Every day I watch the school buses plying their routes, and I am transported back to a time many years ago, when I was in elementary school. Stocking up on new supplies was part of my family’s annual ritual. That included addressing the manner in which I would transport lunch to school. What would be my new lunchbox theme?
Like most kids of the ’60s, I loved comic books and, later on, sports. So for me, a Superman or Batman lunchbox resonated. Later, I’d opt for a New York Knicks or New York Yankees replacement.
The lunch my mother (who was an excellent cook) prepared was inevitably pedestrian: a tuna-fish sandwich on white bread, inserted into a small wax paper bag, and a piece of fruit. I’d buy a small carton of milk with a token, and that’d be it.
At a certain age, I started thinking about my image and how the rest of the world, particularly my circle of friends and hoped-for friends, would see me.
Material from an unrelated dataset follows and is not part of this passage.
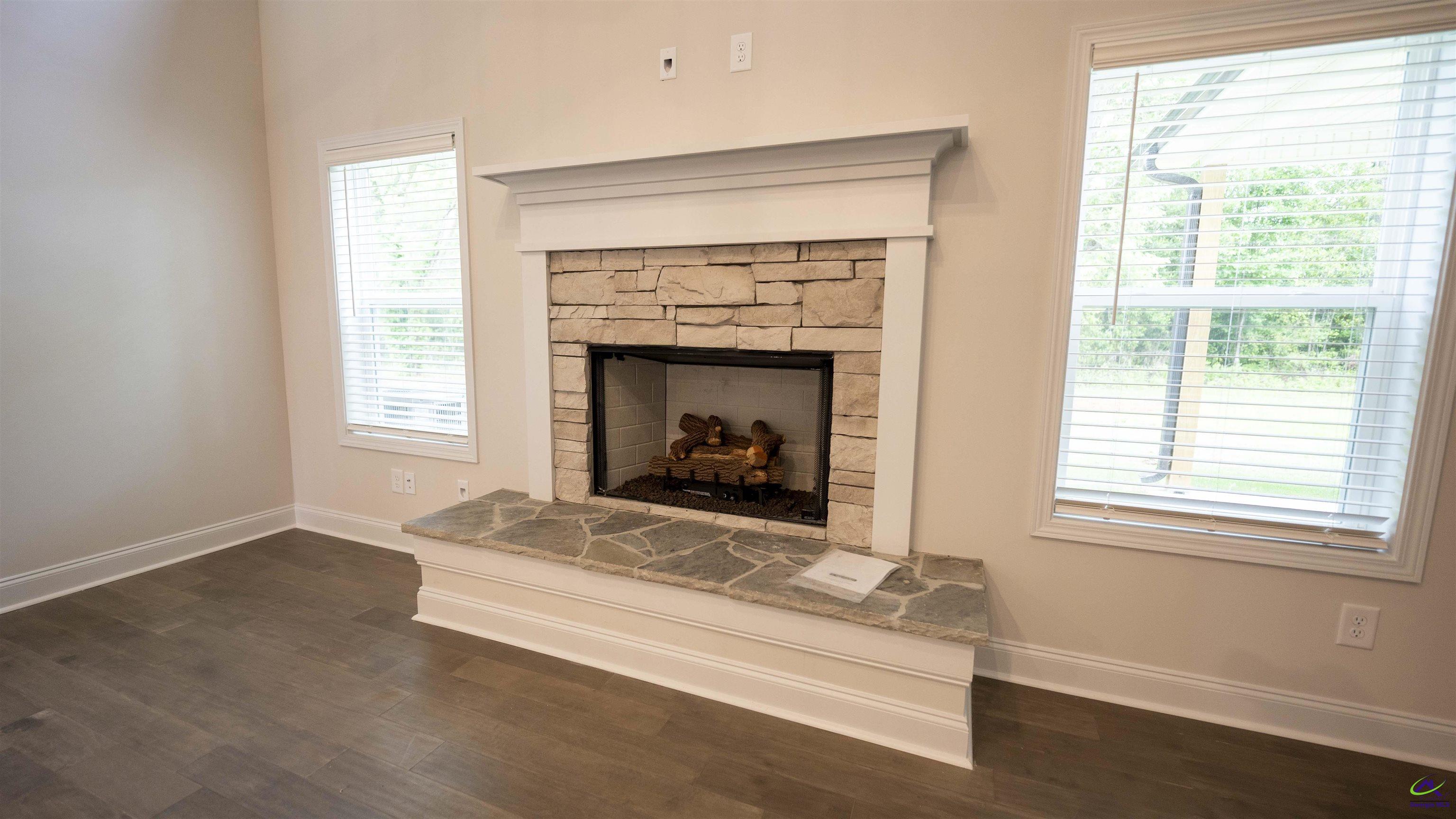 138 Bluecoat Trail Byron, GA 31008 - Photo 15 of 39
While my youngest days were spent unaware of the impression I was leaving on others, something strangely Copernical kicked in: I became aware that I wasn’t the center of the universe. How others viewed me mattered—particularly the coolest kids, and most particularly girls.
In those days, irony hadn’t really caught on, so even a lunchbox featuring a campy version of the Dynamic Duo was a no-go. That left but one choice: the plain brown bag. A brown bag said you were no longer a kid. It even may have meant that Mommy hadn’t packed your lunch. Very cool indeed.
Those early lunchboxes have risen in value as we desperately cling to better times when our moms cut our sandwiches on the diagonal. It turns out that being cool isn’t all that it was cracked up to be.